Living Building Challenge Series: Registration and Just Label
We firmly believe that a diversity of voices in our studio and design processes creates a richness that we're passionate about protecting and fostering. Our Corporate Social Responsibility committee is eager to issue our 2024 report, outlining our efforts to create an equitable and diverse workplace that acts as a force for good in the world and values, promotes, and supports its people. We're proud of the work we've done thus far, and motivated to recognize, address, and work on our shortcomings.
Our studio aims to reflect and act on our organization's social, moral, and environmental obligations, to ensure our collective efforts represent our values, and to move our practice towards a more responsible architecture that brings greater purpose and impact to our work.
In 2024, Feldman Architecture earned a Just Label certification. To complete this in-depth, self-reporting process, we spent a year reviewing and discussing our studio’s operations and policies, reflecting on where we wanted to focus our efforts and allocate resources to create a more equitable practice.
The Just Label, run by the International Living Future Institute, functions similarly to a nutrition label that scores organizations on socially just and equitable operations and policies. As a voluntary disclosure tool, it’s a transparency platform for organizations to disclose specific information about their operations, from employee demographics and benefits to financial and community investments.
The score for each Just indicator ranges from 0-4. To receive score of 1, the organization needs to have a policy written specifically addressing the indicator and its requirements, while each subsequent point raises the bar substantially. Receiving a 2 in certain categories required significant discussion and policy changes, which we were excited to make. We are very proud of our Just label certification and have set 1-year and 3-year goals to continue to level-up.
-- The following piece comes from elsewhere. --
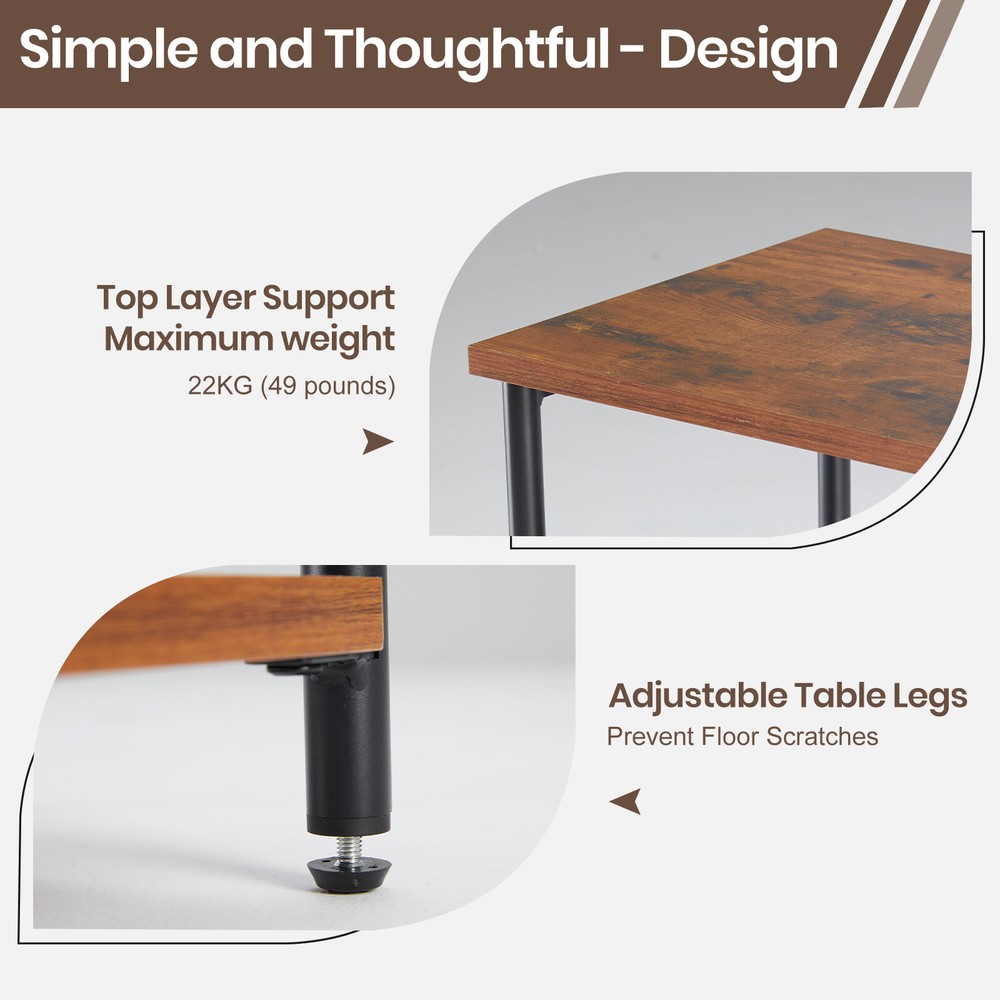 3-Tier Small Side Table - End Table with Storage Shelf for Small Spaces, Sofas
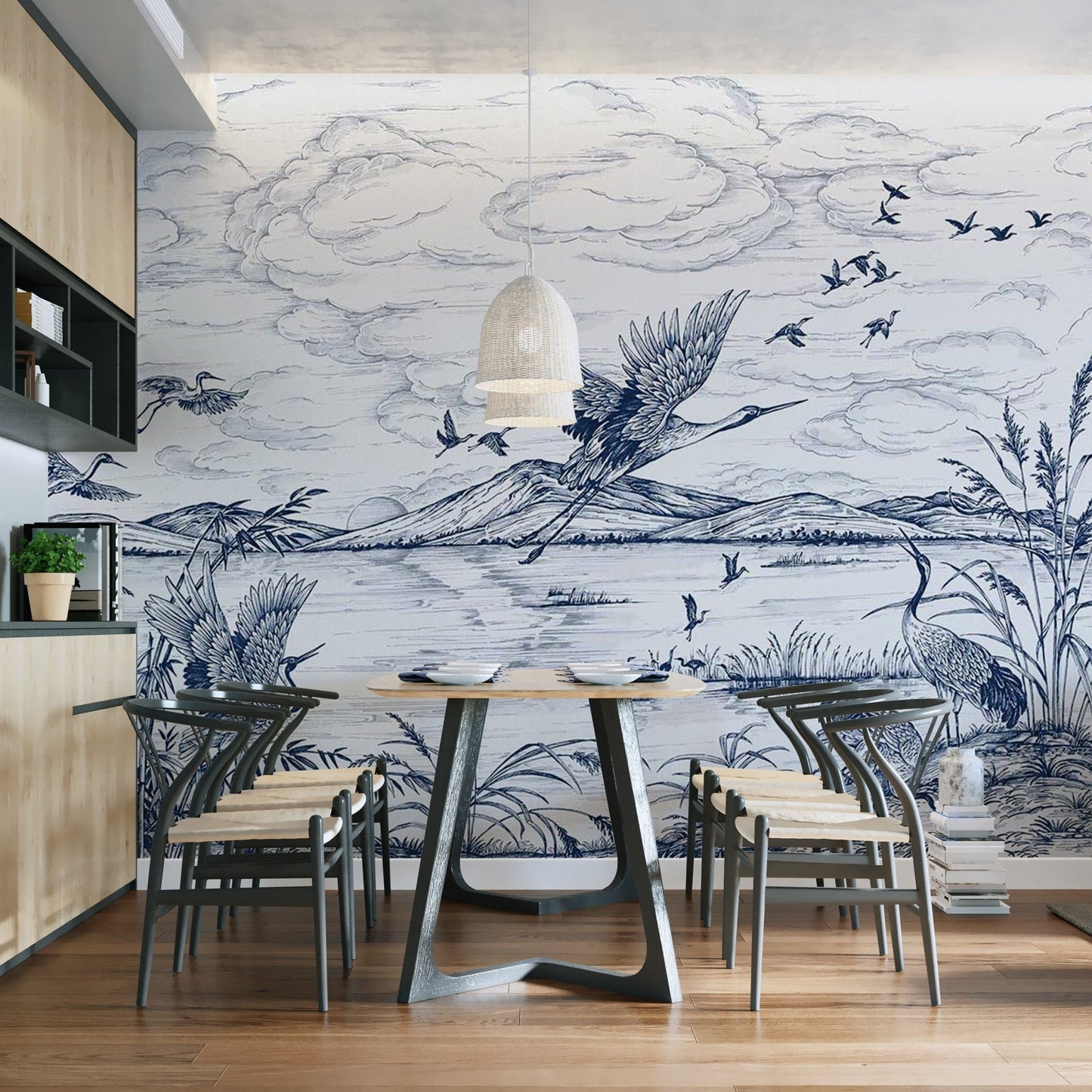 Serene bird wallpaper for interiors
Happy Earth Day! This year we’re excited to add an installment to our Living Building Challenge blog series, tracking our progress with Curveball, which will aim to be our first project to achieve a Living Building Challenge certification, as well as the first residential certification at CORE level or higher in California. The Living Building Challenge is an ever-evolving certification program enacted by the International Living Future Institute, and is considered the world’s most rigorous proven performance standard for buildings. The regenerative design framework aims to create spaces that give more than they take – connecting occupants to light, air, food, nature, and community. LBC certified buildings are self-sufficient, remain within the resource limits of their site, and create a positive impact on the human and natural systems that interact with them. We hope that Curveball can serve as a case study in residential buildings that not only mitigate their environmental impact, but also are net positive and regenerative. Click here to see an interactive map of current registered and certified projects.
Our most recent milestone involved successfully registering the project with the ILFI as a living building – a process in which the institute scrutinizes the application, ensuring that the building’s design will at least reach the CORE certification standards, which even without obtaining additional “petals,” are extremely rigorous. A major hurdle in the approval of our application involved communicating the unique significance of the site and its surrounding community – the Santa Lucia Preserve. The Preserve is a land trust that includes 18,000 acres of protected land, as well as 2,000 acres of land strategically carved out for residential development. Once a parcel is purchased within the 2,000 acres of land dedicated to development, the owners commit to dividing the site into homeland and openland – meaning that a very small part of the site can contain a building footprint. The owners act as stewards of their own lots, with help from the Santa Lucia Conservancy, which is dedicated to the conservation of the other 18,000 acres and works to keep that land open for public use.